Steeds meer nieuwe woningen worden intussen gerealiseerd binnen het bestaande ruimtegebruik. Bovendien wordt een gesloopte woning vervangen door 2,2 wooneenheden. Met een hogere dichtheid als resultaat. Verouderde villa's met een weinig efficiƫnt ruimtegebruik worden gesloopt en vervangen door ruimtelijk efficiƫnte flats of rijwoningen.
Resem maatschappelijke behoeften vergen ruimte
Ruimtebeslag wordt vaak vereenzelvigd met verharding, woningen en industrie, terwijl er uiteenlopende bestemmingen in vervat zitten die vaak ook los staan van bebouwing.
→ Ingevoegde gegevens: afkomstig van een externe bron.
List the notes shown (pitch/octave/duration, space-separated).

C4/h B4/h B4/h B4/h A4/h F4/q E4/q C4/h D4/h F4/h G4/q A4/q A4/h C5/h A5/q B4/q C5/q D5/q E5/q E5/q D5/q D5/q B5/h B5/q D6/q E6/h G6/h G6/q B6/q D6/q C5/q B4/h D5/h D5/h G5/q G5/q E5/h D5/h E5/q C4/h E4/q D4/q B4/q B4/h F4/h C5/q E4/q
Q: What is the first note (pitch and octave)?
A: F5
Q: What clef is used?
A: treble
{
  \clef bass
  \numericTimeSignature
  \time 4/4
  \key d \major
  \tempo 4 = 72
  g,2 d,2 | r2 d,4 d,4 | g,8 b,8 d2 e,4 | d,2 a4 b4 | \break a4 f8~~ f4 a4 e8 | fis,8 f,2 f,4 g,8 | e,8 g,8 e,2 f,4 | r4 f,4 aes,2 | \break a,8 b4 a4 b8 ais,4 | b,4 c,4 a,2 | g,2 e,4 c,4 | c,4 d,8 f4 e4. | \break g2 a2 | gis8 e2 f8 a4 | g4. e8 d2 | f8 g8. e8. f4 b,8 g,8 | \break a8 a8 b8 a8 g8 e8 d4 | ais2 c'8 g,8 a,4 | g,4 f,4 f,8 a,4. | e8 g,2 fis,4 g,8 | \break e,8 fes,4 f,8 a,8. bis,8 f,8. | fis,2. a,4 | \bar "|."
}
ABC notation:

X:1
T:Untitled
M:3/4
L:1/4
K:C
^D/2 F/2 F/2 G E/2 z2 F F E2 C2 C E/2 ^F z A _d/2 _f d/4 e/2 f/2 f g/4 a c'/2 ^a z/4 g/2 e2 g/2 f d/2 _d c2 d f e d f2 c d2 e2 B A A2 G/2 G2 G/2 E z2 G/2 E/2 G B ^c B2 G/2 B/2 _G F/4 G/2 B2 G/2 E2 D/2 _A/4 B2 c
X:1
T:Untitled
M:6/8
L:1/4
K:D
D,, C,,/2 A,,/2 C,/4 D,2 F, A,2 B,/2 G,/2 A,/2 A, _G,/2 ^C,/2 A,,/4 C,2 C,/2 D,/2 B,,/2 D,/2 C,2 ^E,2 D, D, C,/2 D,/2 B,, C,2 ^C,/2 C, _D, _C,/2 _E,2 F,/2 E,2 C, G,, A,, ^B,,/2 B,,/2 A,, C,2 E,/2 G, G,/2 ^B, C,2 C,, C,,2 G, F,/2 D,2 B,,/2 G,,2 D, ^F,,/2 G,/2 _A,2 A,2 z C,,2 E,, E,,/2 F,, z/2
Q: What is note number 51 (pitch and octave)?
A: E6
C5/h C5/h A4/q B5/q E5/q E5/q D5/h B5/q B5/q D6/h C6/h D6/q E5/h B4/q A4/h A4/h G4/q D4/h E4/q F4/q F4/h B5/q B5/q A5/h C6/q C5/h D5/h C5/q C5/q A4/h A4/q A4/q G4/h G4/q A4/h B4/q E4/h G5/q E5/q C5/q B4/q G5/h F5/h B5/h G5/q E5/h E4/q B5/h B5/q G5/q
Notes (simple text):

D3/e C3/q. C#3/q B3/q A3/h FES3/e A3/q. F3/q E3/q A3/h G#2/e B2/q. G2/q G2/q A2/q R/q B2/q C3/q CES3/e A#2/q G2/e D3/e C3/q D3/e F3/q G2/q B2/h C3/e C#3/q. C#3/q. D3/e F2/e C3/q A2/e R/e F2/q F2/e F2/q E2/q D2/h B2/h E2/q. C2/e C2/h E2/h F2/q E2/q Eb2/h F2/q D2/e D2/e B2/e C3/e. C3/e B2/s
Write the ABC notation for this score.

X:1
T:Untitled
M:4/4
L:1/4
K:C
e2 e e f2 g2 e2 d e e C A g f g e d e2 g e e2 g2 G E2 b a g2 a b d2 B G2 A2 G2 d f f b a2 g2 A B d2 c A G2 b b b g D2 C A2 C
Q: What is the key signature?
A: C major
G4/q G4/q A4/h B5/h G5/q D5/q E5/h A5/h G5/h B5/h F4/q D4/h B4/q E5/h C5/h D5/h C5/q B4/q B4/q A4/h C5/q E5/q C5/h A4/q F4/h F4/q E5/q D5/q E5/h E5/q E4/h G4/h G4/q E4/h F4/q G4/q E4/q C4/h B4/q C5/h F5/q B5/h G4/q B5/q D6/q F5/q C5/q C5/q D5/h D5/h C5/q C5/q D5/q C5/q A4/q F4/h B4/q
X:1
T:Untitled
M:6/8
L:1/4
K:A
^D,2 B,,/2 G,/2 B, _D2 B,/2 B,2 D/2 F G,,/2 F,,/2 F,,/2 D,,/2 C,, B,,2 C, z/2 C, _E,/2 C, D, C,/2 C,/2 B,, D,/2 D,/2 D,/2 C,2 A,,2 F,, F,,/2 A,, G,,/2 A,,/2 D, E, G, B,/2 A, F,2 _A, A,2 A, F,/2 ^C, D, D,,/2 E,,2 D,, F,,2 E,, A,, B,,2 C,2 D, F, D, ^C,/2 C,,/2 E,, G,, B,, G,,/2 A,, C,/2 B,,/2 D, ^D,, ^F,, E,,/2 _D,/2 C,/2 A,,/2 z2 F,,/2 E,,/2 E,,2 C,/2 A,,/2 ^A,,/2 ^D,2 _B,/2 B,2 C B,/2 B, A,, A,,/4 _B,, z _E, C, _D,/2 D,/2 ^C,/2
Denk maar aan parken, recreatie, weiden van hobbyboeren, elektriciteitsproductie, hernieuwbare energietoepassingen, afvalverwerking, waterzuivering, dijkversterkingen, serres, vervoer, telecommunicatie enz. Heel wat van die bestemmingen zien we jaar naar toenemen in het ruimtebeslag.
Uit de analyse van de Vlaamse overheid blijkt dat er geen sprake is van hoog oplopend bijkomend ruimtebeslag of de 'betonrush' die vaak in de publieke opinie wordt aangehaald. Vaak vereenzelvigen experts daarbij ruimtebeslag met voetbalvelden aan beton, terwijl ruimtebeslag grotendeels zonder verharding gepaard gaat. Denk bijv. aan tuinen die 10 % van de Vlaamse oppervlakte uit maken en onder ruimtebeslag voor wonen vallen. Daarnaast is het van belang om de recente evolutie van de verschillende bestemmingen verder in kaart te brengen. Want dit wordt nog te vaak eenzijdig verengd tot woningbouw, wars van de gunstige evoluties. Daardoor sturen meer en meer gemeenten aan op een bouwpauze. Vaak in die gemeenten waar de woonbehoeften sterk stijgen. En dat is heel nefast voor verdere verdichting & de bouwshift, voor de economische relance en voor de betaalbaarheid van wonen als gevolg van een stagnerend aanbod,
zegt Marc Dillen, directeur-generaal van de VCB.